One mark of the jailer’s transformation is how he ministers to them in return. This new form of peace that leads to valuing human life and imparting dignity to the downtrodden, that frees captives and generates real compassion and hospitality across lines of race and religion, culture and class, gender and role, is the stuff of salvation. Again, William Barclay reflects on the jailer “that he immediately confirmed his conversion by his deeds. No sooner had he turned to Christ than he washed the [wounds] upon the prisoners’ backs and set a meal before them. His Christianity issued there and then in the most practical acts of kindness. Unless [one’s] Christianity makes [one] kind it is not Christianity at all. Unless [one’s] change of heart is guaranteed by [one’s] deeds it is a spurious and counterfeit thing” (William Barclay, Daily Study Bible, The Acts of the Apostles, p. 137.) And, I would dare add, highly susceptible to having its peace disturbed.

The transformation that comes with believing in Jesus and following Jesus is broad and deep. In writing on this passage, Theodore Ferris has said that “The person who would be saved must learn the fundamental principles which underlie Christian belief and behavior.” Among those principles, he notes that “There is no use in asking [people] to love [their] enemies unless [they] believe in the kind of God and the kind of universe in which such seemingly unnatural love is conceivable and practical” (Theodore Ferris, Interpreter’s Bible, Vol. 9, Acts/Romans, p. 223.) This is what I mean by how the gospel seeks to turn the world right side up. It is a new world, a new order of things God’s order.

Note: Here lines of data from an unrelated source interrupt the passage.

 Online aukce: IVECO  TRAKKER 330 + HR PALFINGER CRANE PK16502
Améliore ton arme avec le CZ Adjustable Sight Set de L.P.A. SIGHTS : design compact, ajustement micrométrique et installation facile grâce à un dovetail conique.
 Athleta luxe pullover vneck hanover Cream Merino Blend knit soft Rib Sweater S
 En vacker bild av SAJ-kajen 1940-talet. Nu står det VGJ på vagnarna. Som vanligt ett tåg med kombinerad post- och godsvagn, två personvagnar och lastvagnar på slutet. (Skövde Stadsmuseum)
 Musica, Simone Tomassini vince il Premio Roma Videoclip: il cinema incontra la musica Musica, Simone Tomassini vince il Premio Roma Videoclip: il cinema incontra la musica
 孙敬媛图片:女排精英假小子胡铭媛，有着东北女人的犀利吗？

Act three is really a sort of funny footnote to the text. The petty officials, perhaps not having slept so well over having allowing themselves to be swayed by the mob and having given into their own prejudices, sent word to release the prisoners. They had been so full of themselves when they sentenced Paul and Silas; the next morning they were fearful and wanted them to just go away. “This wasn’t really a miscarriage of justice; it was just a slight misunderstanding in the heat of the moment. No hard feelings, right?” The jailer told our heroes, “The magistrates sent word to let you go; therefore come out now and go in peace.” Apparently, the jailer still hadn’t learned what peace is all about, but Paul was having none of it. Perhaps in his own attraction to pride of place and standing, he insisted on the formal apology due him as a Roman citizen. “These men have beaten us in public, uncondemned, men who are Roman citizens, and have thrown us into prison; and now they are going to discharge us in secret? Certainly not! Let them come and take us out themselves.”

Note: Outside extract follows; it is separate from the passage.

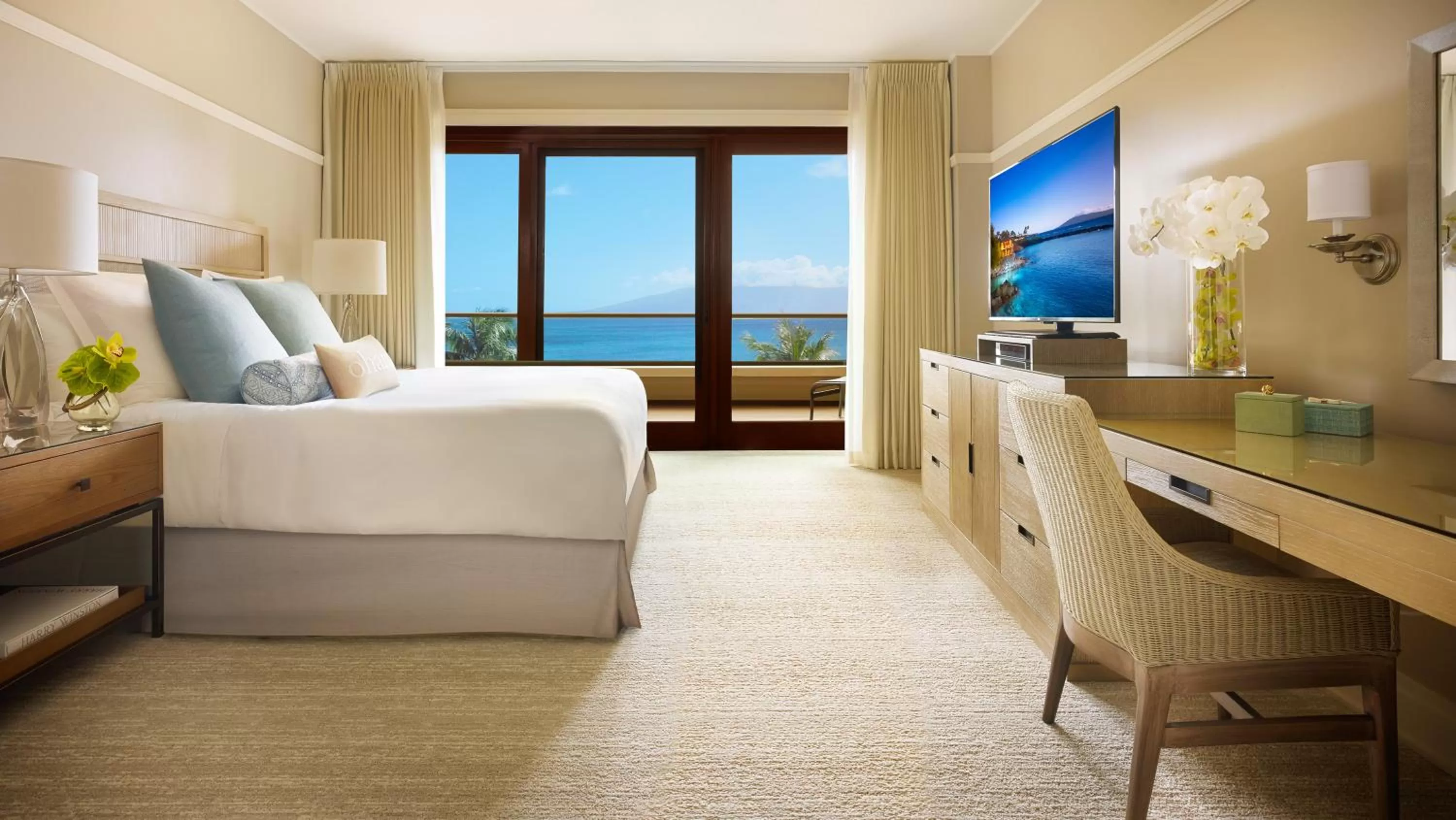 Bedroom, Bed in Montage Kapalua Bay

Well, you can imagine the flustered authorities falling all over themselves to right such a serious violation of Roman law. The embarrassed officials swallowed their pride and did their duty. Hopefully, they learned a lesson in the process. In the end, some rights were restored, some justice was done, some peace was disturbed and some peace was deepened. Paul and Silas returned to Lydia’s hospitality long enough to offer words of encouragement and blessing for the new church before moving on somewhere else that God was leading them in order to disturb the peace. As they head up the road, perhaps we can still hear them singing an old song, “What though my joys and comforts die? I know my Savior liveth. What though the darkness gather round? Songs in the night he giveth. No storm can shake my inmost calm while to that Rock I’m clinging. Since love is Lord of heav’n and earth, how can I keep from singing?” Amen.